05 June 2019
P B Donoghue: innovating the waste market
Eithne McGowan is the finance director of family-owned waste and recycling company P B Donoghue, which has seen three generations running the business for over 40 years. She talks about the company’s success, its relationship with B P Collins and being a woman in a man’s world.
How did you get to where you are today?
Even though I grew up in the family business, I thought my career would head in a different direction after I finished my education. But once I started working for P B Donoghue, I just loved the work and have been here ever since.
I’ve been employed in every single part of the business, from operations to administration – basically everything except driving the trucks with the lads. I initially came in right at the bottom answering telephone calls and worked my way up to become finance director, which is where I am now.
I believe that hard work and a very thick skin is needed in this world. The construction sector is very male dominated - only 13% of the UK workforce are female - but I’ve got an amazing team that redresses that balance.
Higher up in the industry it’s even more male dominated – only one in five construction businesses in Britain have women in senior roles. As a woman in a senior position, it’s important to let people know that you’re not a soft touch and I try to be a role model for other women who would like to move up the career ladder.
Hardest part of the job?
There is a huge shortfall of operational staff in the industry at the moment. The construction sector is really suffering with a lack of qualified people due to Brexit. We have a high number of Eastern European drivers, who form the core of our business, but since Brexit, long term employees are choosing to return home as they feel quite unsettled. The biggest challenge is to keep staff levels up on the driving front.
Best part of the job?
Seeing the business grow. My father came to England when he was 16 and started working for a construction firm. He and my mother took a chance and put all of their savings into one lorry. And here we are over 40 years later. It’s a pleasure to watch the business continuing to grow and my father still has a great sense of pride seeing his name above the door.
How have you contributed to P B Donoghue’s success? How was B P Collins involved in this?
I think our greatest strength is the fantastic team that I’ve built up. We value our people and the contribution they’ve made, particularly the operational systems they’ve put in place and the accreditations they’ve helped the company to achieve.
I’m also grateful to B P Collins. who we’ve been working with for four years. They initially advised us on a big claim that a company made against us and we worked very closely with Craig Williams and Rajiv Malhotra, from the dispute resolution team, to overcome that. They’ve been superb. We’ve also worked with Jo Davis on the employment front, who is brilliant too. We see them as a very good support for our business.
What are the company’s plans for the future?
We’ve just invested in a freehold depot in Watford and want to drive it forward. It’s our second depot after Brent Cross. We also wish to keep investing in our recycling services, by keeping up to date with the latest technology, ensuring our workforce is happy and hopefully achieving steady growth.

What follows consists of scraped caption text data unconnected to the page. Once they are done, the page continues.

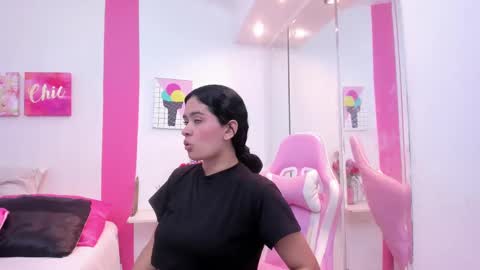 Snapshot of scarlette_15 chatting on 02-28-25, 03:59 Scarlette online show from 02-28-25, 03:59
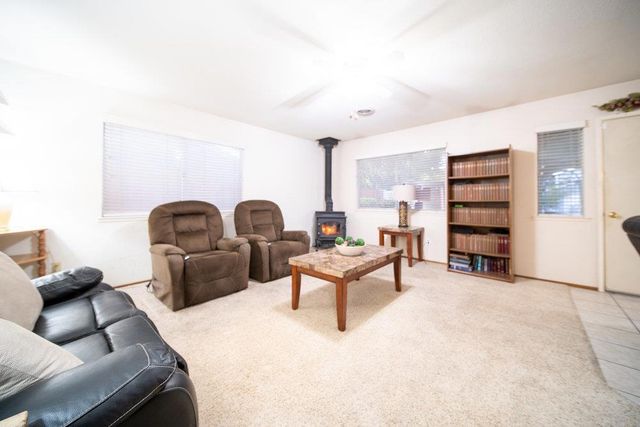 945 Matador Drive, Hollister, CA 95023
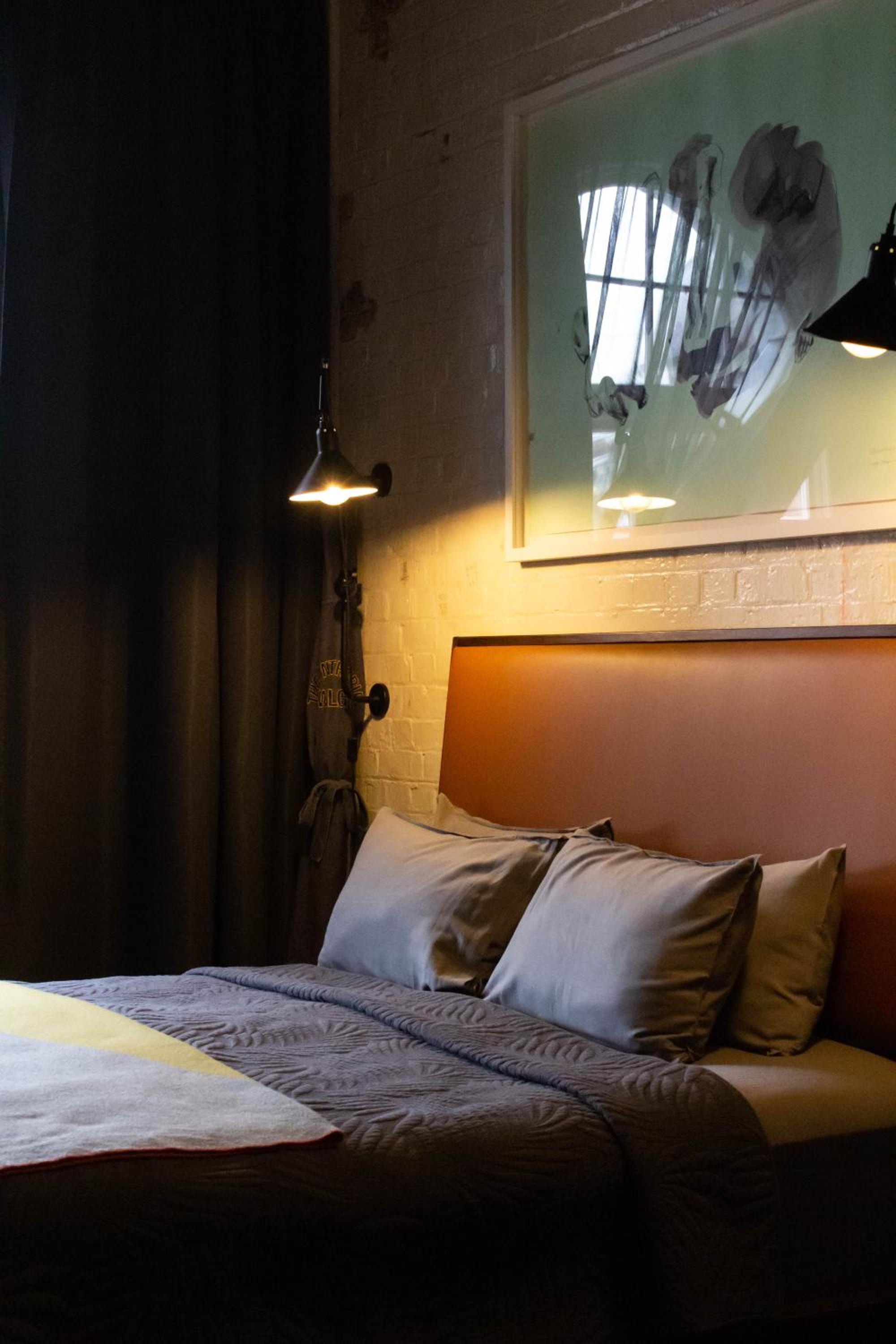 Superior King Suite - Photo 2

My son, who has just finished his degree, is now involved in the business. I’m proud to see the next generation coming through who will hopefully drive the company to the next level.
What challenges does your sector face? How do you plan to overcome them?
The biggest challenge is keeping on top of how Brexit will shape the future of recycling.
Compliance changes rapidly too. This year alone, the Mayor of London has already issued new laws around the type of vehicles that are permitted to enter London. It’s imperative that we keep our fleet in line with the new regulations.
If you weren’t the finance director of P B Donoghue, what would you be doing?
If I wasn’t sitting on a beach in Portugal, I think I would have been involved in the fashion industry, as I love shoes and handbags. Who knows, perhaps I would have taken the environmentally conscious recycling ethos of P B Donoghue and been an advocate for upcycling in the industry!